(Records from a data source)
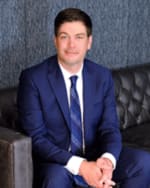 Click to view profile of Dustin L. Collier, a top rated Brain Injury attorney in Mill Valley, CA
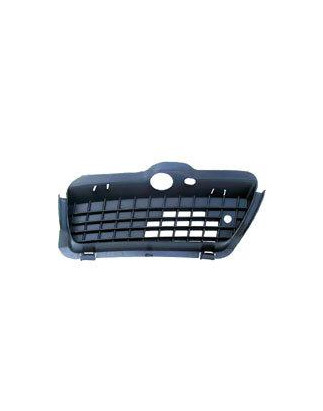 GRIGLIA PARAURTI ANTERIORE DESTRA VOLKSWAGEN GOLF III 1H11H5 19921998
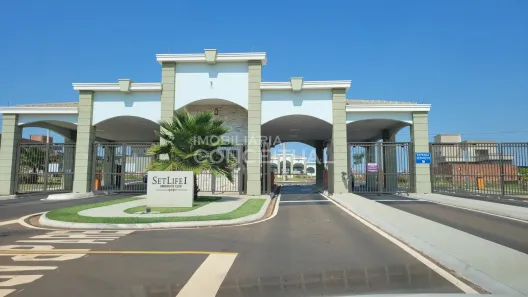 Lote/Terreno à venda, 253m² no Setlife Mirassol, Mirassol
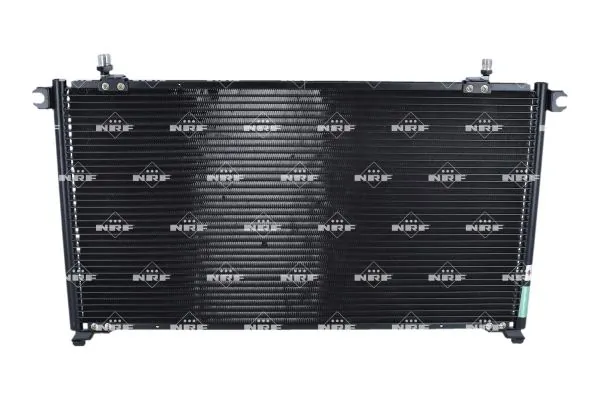 Radiator climatizare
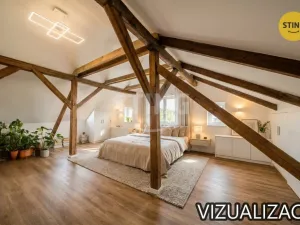 Prodej rodinného domu, Třinec - Oldřichovice, 240 m2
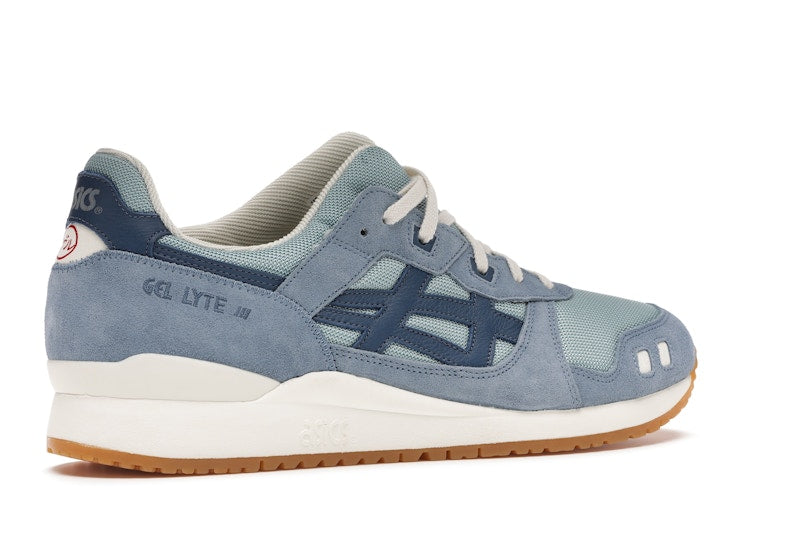 ASICS Gel-Lyte III Smoke Blue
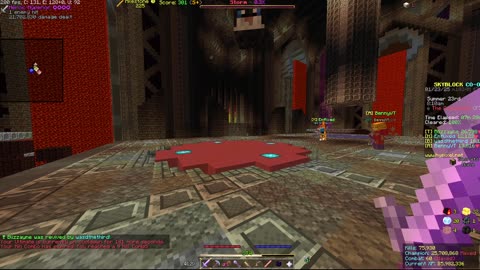 Skyblock FLOOR 7 [#1413]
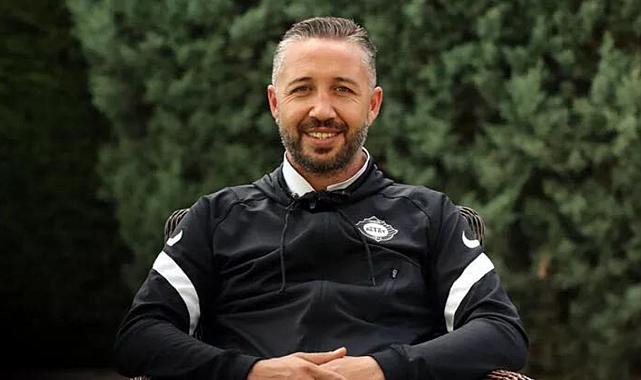 Altay Teknik Direktörü Üzümcü: Hiçbir şey bitmedi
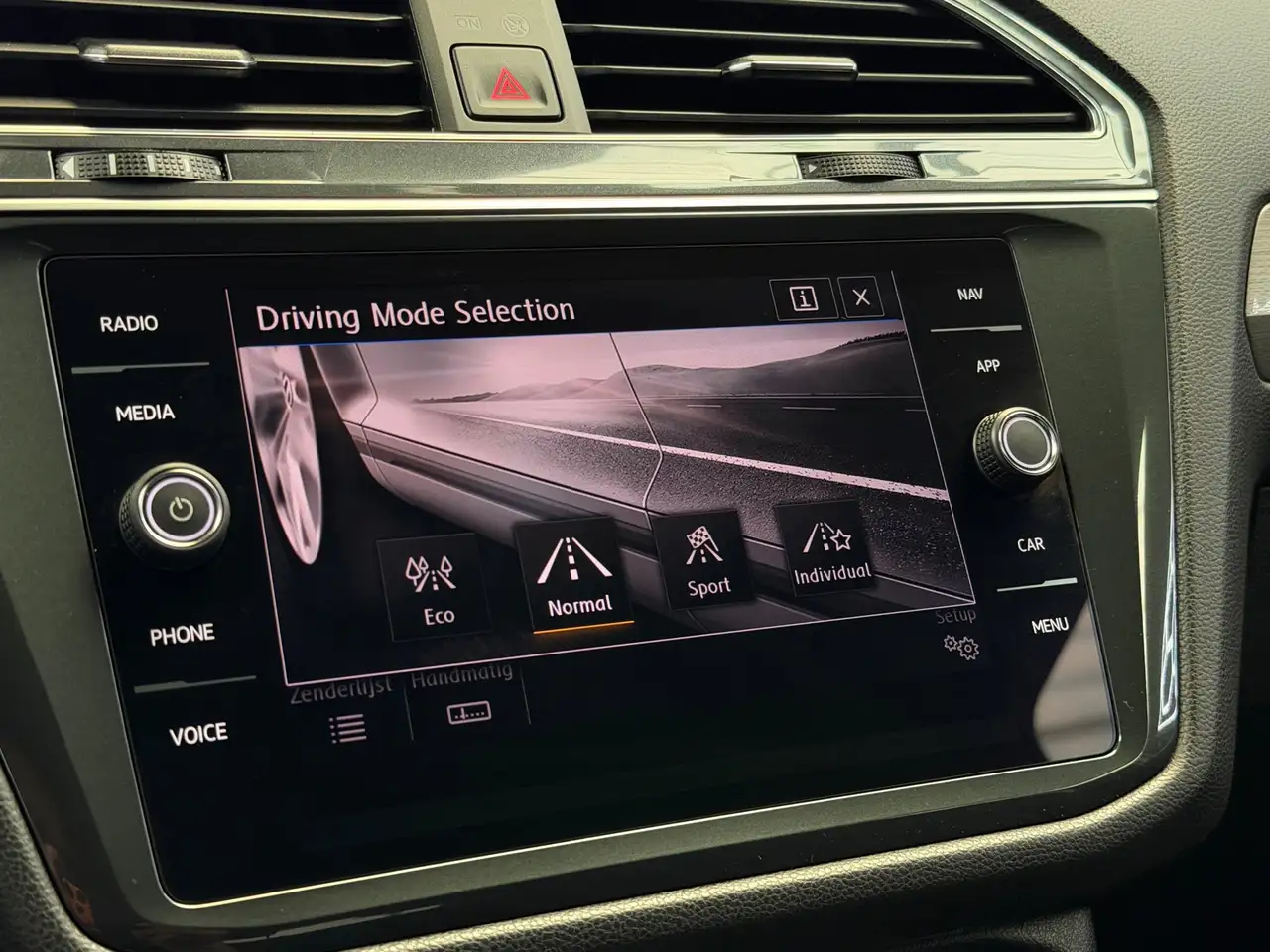Volkswagen Tiguan Allspace 1.5 TSI R-Line CarPlay Camera 7p., миниатюра 13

**Exercise objective:** Excluding the pictures, restate word for word the lines from the one that holds "Skyblock FLOOR 7 [#1413]" through the last line of the entries, both ends included.

**Result of this task:**
 Skyblock FLOOR 7 [#1413]
 Altay Teknik Direktörü Üzümcü: Hiçbir şey bitmedi
Volkswagen Tiguan Allspace 1.5 TSI R-Line CarPlay Camera 7p., миниатюра 13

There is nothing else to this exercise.